Respon terhadap warfarin sangat bervariasi antar individu penggunaan warfarin
yang tidak tepat dosis sering kali penyebabkan pendarahan serius. Perbedaan
respon terhadap warfarin yang dimetabolisme oleh enzim sitokrom P450 yaitu
CYP2C9, CYP3A5, sangat tergantung pada peran P-glikoprotein yang ekspresinya
disandi oleh gen adenosine
triphosphate-binding cassette, ABCB1 atau juga disebut dengan multi drug resisten gen 1, MDR 1.
Variasi
genetik dari gen ABCB1 yang dianalisis dengan teknik minisequencing terhadap penderita, menunjukkan bahwa peilihan dosis
yang tepat untuk masing-masing varian genetik sangat penting untuk mendapatkan
respon obat yang diinginkan. Efek warfarin dapat dibalikkan dengan vitamin K,
atau ketika cepat pembalikan yang diperlukan (seperti dalam kasus pendarahan
parah), dengan prothrombin kompleks yang berisi faktor-faktor yang dihambat
oleh warfarin atau segar plasma yang beku (tergantung pada indikasi klinis)
selain dengan suntikan vitamin K. Dalam farmakogenomik, aktivitas warfarin
ditentukan oleh faktor-faktor genetik.
Respon
penggunaan 5-fluorouracil (5-FU) sebagai kemoterapi untuk kanker kolon ternyata
sangat bervariasi.Target enzim 5-FU ini adalah timidilat sintetase. Perbedaan
respon ini berkaitan erat dengan adanya polimorfisme gen yang bertanggung jawab
terhadap ekspresi enzim timidilat sintetase (TS). Enzim ini sangat penting
dalam sintesis DNA yaitu merubah deoksiuridilat menjadi deoksitimidilat.

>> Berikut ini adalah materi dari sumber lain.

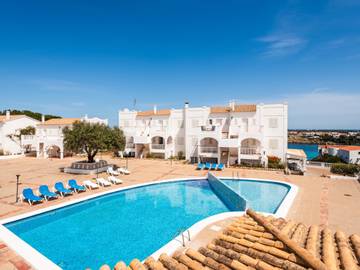Apartamento in Es Mercadal, Costa de Menorca für 4 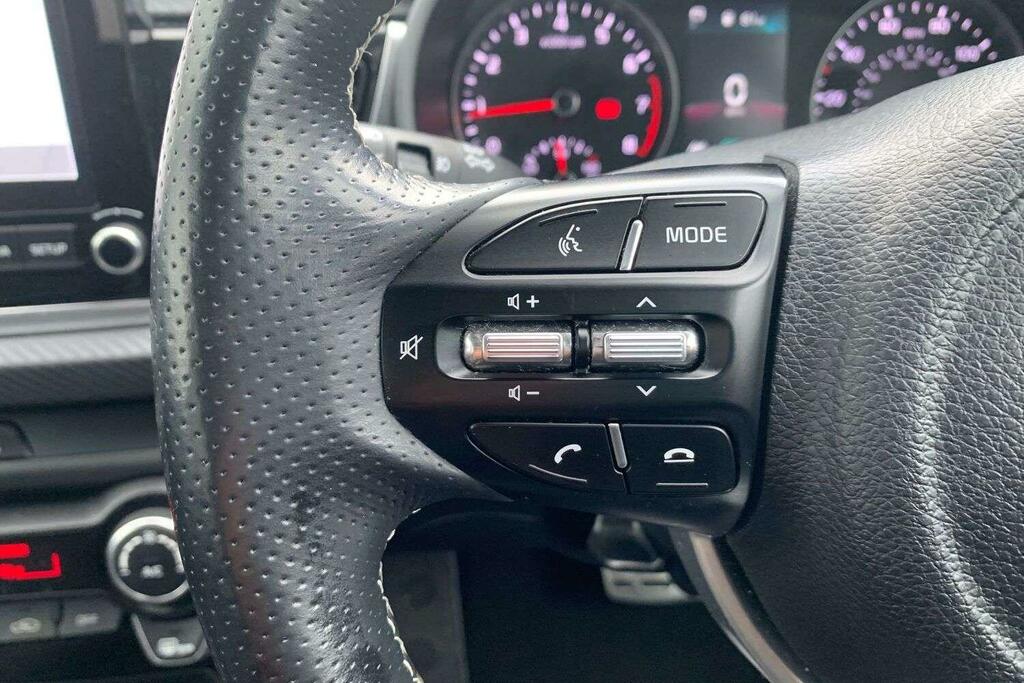 Kia RIO 1.0T Gdi 48V 118 Gt-line S White #16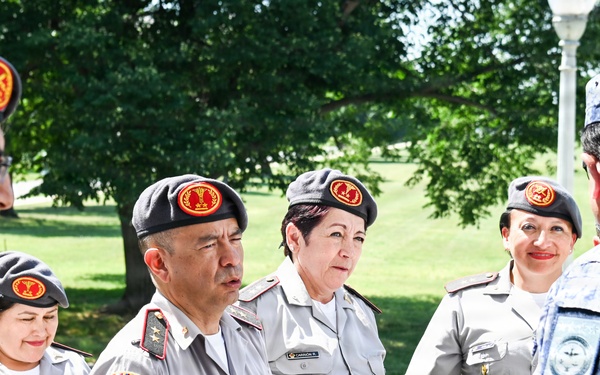 AGE-CSM Ecuador Delegation Receives IADC Academic Briefings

Diketahui bahwa sekuen promoter dari gen timidilat sintase bervariasi pada
setiap individu. Ekspresi yang rendah dari mRNA TS berhubungan dengan
meningkatnya kemungkinan sembuh dari penderita kaker yang diobati dengan
5-FU.Sedangkan penderita yang memiliki ekspresi mRNS TS tinggi ternyata tidak
memperlihatkan respon pengobatan dengan kemoterapi ini.
Hasil
penelitian serupa ditunjukkan pula pada uji klinik penggunaan 5-FU ini terhadap
penderita kanker lambung. Genotif dari gen TYMS, yang menyandi ekspresi enzim
timidilat sintase, ditentukan dengan mengamplifikasi gen atau DNA dengan teknik
PCR yang diisolasi dari 90 penderita kanker kolon yang mendapatkan pengobatan
5-FU. Hasilnya menunjukkan bahwa gen TYMS ternyata bersifat polimorfisme,
mempunyai double (2R) atau triple (3R) tandem repeats pada 28-bp
promoter gen, dan terdapat variasi 6-bp pada 3’-untranslated region (3’-UTR). Hasil ini menunjukkan betapa
pentingnya melakukan pemetaan genotipe dari gen TYMS dari penderita kanker yang
akan diobati dengan 5-FU. Hal ini diperlukan untuk memprediksi respon obat dan
efek toksik yang tidak diinginkan akibat penggunaan 5-FU.(1)
BAB
III
PENUTUP
Variasi
genetik mempengaruhi respon individu terhadap obat yang diberikan. Halini dapat
terjadi karena variasi genetik terjadi pada gen yang mengkode enzim yang
memetabolisme obat atau pada gen yang mengkode target kerja obat. Target kerja
obat dapat berupa enzim, reseptor, dan transporter.Oleh karena itu pengetahuan
tentang variasi genetik penting dalam memprediksi respon obat dan efek yang
tidak diinginkan akibat pengaruh obat.